New Day Coming for MSAs

Marketing services agreements may be revived in the wake of a court ruling against the CFPB


The Consumer Financial Protection Bureau (CFPB) recently had its wings clipped. The setback for the regulator was the result of a ruling by the U.S. Court of Appeals for the District of Columbia in a case involving PHH Mortgage Corp.

The appeals court ruling was the first significant judicial rebuke of the CFPB, which has been known to impose enormous penalties on mortgage companies. In many cases, those penalties have been so onerous that affected companies could not afford to effectively defend their positions.

The appeals court ruling not only provided relief to PHH, it also could help to revive the use of so-called marketing services agreements (MSAs). The real estate industry had been forced to abandon MSAs for the most part because of compliance risks and uncertainty stoked by prior CFPB enforcement actions.

RESPA clampdown

In PHH’s case, the company had set up a system that required mortgage insurers to use PHH’s re-insurance affiliate for the loans being insured. While this practice may be questionable on other legal grounds, the U.S. Department of Housing and Urban Development (HUD) had determined previously that the payments by the mortgage insurers to PHH’s captive reinsurer did not represent indirect kickbacks to PHH under section 8(a) of the Real Estate Settlement Procedures Act (RESPA). Notwithstanding HUD’s position, its successor regulator, the CFPB, commenced its own administrative review of the practice, and its administrative law judge determined that the practice was a RESPA violation.

Beyond this, CFPB Director Richard Cordray, in reviewing the administrative law judge’s recommended decision, wrote his own decision and took some extraordinary actions. The director analyzed and reinterpreted RESPA’s services-rendered exception to prohibited referrals as structured in the PHH case.

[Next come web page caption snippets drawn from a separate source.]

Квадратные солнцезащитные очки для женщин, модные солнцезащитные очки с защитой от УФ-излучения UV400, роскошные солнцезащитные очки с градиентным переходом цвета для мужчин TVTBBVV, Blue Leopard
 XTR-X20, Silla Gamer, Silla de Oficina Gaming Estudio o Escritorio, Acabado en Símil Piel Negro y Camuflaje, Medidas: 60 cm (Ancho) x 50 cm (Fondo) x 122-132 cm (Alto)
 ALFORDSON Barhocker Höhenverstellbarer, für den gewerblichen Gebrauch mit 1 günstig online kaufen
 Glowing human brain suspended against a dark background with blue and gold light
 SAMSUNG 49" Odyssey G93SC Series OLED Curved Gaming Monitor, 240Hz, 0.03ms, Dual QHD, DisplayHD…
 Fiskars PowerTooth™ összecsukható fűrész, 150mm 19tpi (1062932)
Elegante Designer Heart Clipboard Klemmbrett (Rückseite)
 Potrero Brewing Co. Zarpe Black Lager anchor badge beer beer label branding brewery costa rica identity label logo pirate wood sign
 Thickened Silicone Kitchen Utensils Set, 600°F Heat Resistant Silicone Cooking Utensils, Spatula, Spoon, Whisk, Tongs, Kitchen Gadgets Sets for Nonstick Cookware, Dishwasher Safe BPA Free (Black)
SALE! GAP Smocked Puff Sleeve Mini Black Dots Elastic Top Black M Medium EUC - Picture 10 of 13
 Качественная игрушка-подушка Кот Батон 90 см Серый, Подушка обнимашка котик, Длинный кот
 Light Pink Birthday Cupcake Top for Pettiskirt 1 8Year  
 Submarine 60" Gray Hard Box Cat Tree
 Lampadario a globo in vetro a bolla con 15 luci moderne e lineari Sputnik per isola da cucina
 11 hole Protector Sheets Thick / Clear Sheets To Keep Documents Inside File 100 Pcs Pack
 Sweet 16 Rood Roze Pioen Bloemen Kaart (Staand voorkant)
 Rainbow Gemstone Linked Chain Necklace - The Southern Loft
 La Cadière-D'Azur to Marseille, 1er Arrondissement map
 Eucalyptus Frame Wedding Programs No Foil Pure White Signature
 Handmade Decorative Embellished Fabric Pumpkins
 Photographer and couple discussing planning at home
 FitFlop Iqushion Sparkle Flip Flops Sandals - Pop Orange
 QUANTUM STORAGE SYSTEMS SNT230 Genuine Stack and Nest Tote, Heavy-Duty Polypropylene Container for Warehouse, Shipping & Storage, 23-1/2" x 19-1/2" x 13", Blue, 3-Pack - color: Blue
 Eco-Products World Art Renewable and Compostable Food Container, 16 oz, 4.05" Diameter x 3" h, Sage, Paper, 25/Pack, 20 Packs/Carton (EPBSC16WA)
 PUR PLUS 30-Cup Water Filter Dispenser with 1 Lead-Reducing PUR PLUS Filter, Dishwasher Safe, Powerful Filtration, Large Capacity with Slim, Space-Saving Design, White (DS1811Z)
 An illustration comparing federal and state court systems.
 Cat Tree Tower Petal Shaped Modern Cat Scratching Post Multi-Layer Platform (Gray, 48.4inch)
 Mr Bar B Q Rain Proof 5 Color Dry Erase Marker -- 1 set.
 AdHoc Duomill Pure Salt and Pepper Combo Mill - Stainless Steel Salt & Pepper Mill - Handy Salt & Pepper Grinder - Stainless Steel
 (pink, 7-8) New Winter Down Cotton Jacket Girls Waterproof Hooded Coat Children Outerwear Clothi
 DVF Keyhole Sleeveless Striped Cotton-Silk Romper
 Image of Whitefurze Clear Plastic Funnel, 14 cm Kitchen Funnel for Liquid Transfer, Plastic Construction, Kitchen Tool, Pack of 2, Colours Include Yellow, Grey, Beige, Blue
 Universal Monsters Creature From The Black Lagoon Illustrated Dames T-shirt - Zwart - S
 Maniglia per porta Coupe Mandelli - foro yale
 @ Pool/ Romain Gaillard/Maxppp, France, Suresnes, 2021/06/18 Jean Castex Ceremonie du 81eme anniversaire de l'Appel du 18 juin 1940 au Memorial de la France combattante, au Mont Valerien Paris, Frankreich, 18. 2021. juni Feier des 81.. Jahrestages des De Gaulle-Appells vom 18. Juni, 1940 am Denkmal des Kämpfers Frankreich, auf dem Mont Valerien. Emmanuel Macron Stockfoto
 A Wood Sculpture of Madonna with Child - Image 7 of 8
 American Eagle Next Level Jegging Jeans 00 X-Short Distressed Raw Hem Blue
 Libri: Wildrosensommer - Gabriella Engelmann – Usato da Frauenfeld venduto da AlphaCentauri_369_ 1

Cordray’s view was that the services-rendered exception in RESPA was not complete in and of itself. Rather, he believed that compliance with the so-called 8(c)(2) exception was only a first step, and he determined that additional referral-fee scrutiny of such deals was required under Section 8(a) of RESPA — even when uncompensated referrals were occurring between the parties involved. 

The director further asserted that the CFPB was not constrained by RESPA’s statute of limitations for violations when the CFPB was acting through its administrative-hearing process rather than through the courts. Based on these novel legal interpretations, Cordray increased the administrative law judge’s recommended penalty against PHH from $6.4 million to $109 million dollars.

PHH appealed Cordray’s decision to the federal appeals court in Washington, D.C., where a panel of three judges issued a decision that was a significant setback for the CFPB. In addition to determining that the director of the CFPB must, for constitutional reasons, be removable at the will of the U.S. president, the court also reversed Cordray’s interpretation of the Section 8(c)(2) services-rendered exemption in RESPA. The court determined that the director’s interpretation contradicted the clear language of the statute and ignored decades of precedent.

Cordray’s assertion that there was no statute of limitations on CFPB enforcement actions at the administrative level also was rejected. The court’s ruling reinstated a time limit on how far back the CFPB can look to review possible RESPA violations and impose fines. The court’s determination on the services-rendered exception in the PHH case also has direct applicability to evaluating the compliance of MSAs under RESPA.

Safe harbor

Historically, the CFPB has been highly critical of MSAs, creating a high-risk compliance environment that has caused many service providers to withdraw from these relationships. MSAs typically involved industry professionals, such as Realtors and title companies, entering into marketing pacts, which augmented client referrals — and fee generation.

Over the past two years, the CFPB began to assert a new view of MSAs under RESPA by means of consent orders. It chose to use this unilateral process to essentially restate the law rather than going through the public-comment process of amending the RESPA regulations.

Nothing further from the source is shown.